One of the first things Nelson was asked was: why would someone would become a scientist, to provide background for the main character. She was also asked about chemical structures that would be used on a classroom blackboard, about alkenes and also about nomenclature. Nelson saw her role as ensuring that nothing would jar with anyone in the audience that had a scientific background. ‘They wanted everything to be correct therefore I had to give information in a way that was easy to understand – I tried to change as few words as possible in the scripts as I had to respect their needs.’

One particular incident stood out for Nelson, who had accidently used the term ‘precursor’, which the production leapt on and used, correctly, on a number of occasions during the production.

Another issue Nelson highlighted was the fact that the production team used non-SI measurements, for example, she was asked how much crystal meth could be produced from 30 gallons of methylamine, which the main character was going to steal. At this point, the production team also had the involvement of agents from the US Drug Enforcement Administration involved as they wanted to ensure that while the details were accurate, they were not sufficient for anyone watching to be able to go out and start production themselves.

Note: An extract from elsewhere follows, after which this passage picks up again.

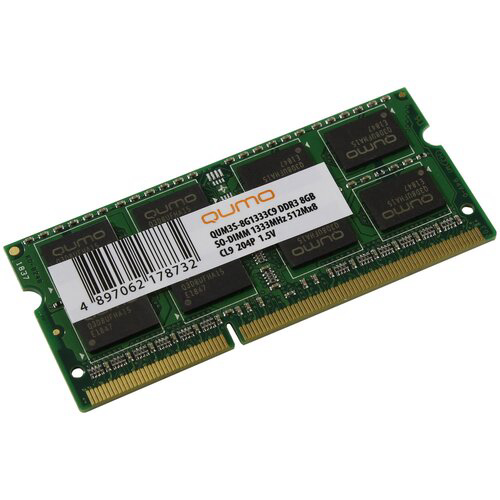 QUMO DDR3 SODIMM 8GB QUM3S-8G1333C(L)9(R) PC3-10600, 1333MHz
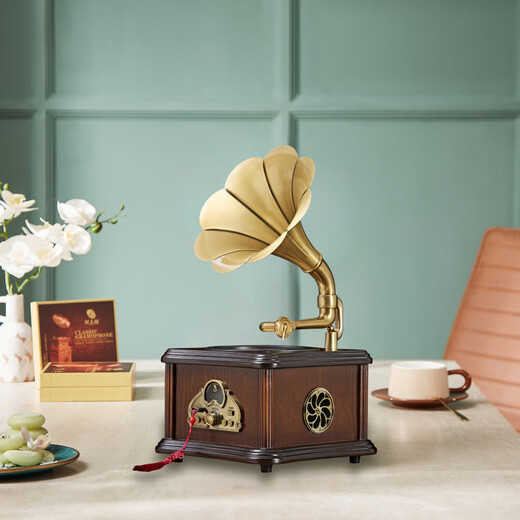 Canna retro mini CD gramophone European bluetooth hifi speaker old antique home CD player living room ornaments simulated vinyl record player D99 birthday gift D99MAX version walnut color + Chinese culture charger and plug-in dual-purpose (10 CD discs)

On checking the literature, Nelson found a variety of routes for the synthesis, but eventually homed in on the aluminium/mercury route ‘as it was easy for the actors to say’. Once the route was decided, Nelson was then able to calculate the yield.

Ultimately, Nelson said there was only one major error in the show: crystal meth, a white substance, was actually coloured blue in the show, but Nelson said the producers were looking for something to ‘brand’ it so she let that go through.

Nelson believes that her involvement demonstrates three benefits: scientists get to increase accuracy; writers get to learn about science; and the public is exposed to correct information.

The outcome from her involvement in the six-series show was for Nelson to put together a symposium Hollywood Chemistry for the ACS in Anaheim, and again in Denver, and she has since been involved in other projects, even consulting with law enforcement agencies – ‘reality following fiction’, as she expressed it.

The twist to the story, however, is that after Nelson had become involved in the tv production she discovered that she was the only person to have volunteered their services, out of 160,000 readers of C&EN. 

Communication is about getting involved and if scientists want to see their particular speciality portrayed correctly on out screens, then they have to get involved. 

But perhaps the most telling comment from Nelson was that while she had seen a dramatic increase in the discussion about chemistry and the tv series among young people, no-one among her chemical contemporaries has even seen the series, something that was echoed across her audience!

I have actually now bought the DVD box set of Breaking Bad and will watch it with new interest! Please don’t telephone me at home for the next few weeks!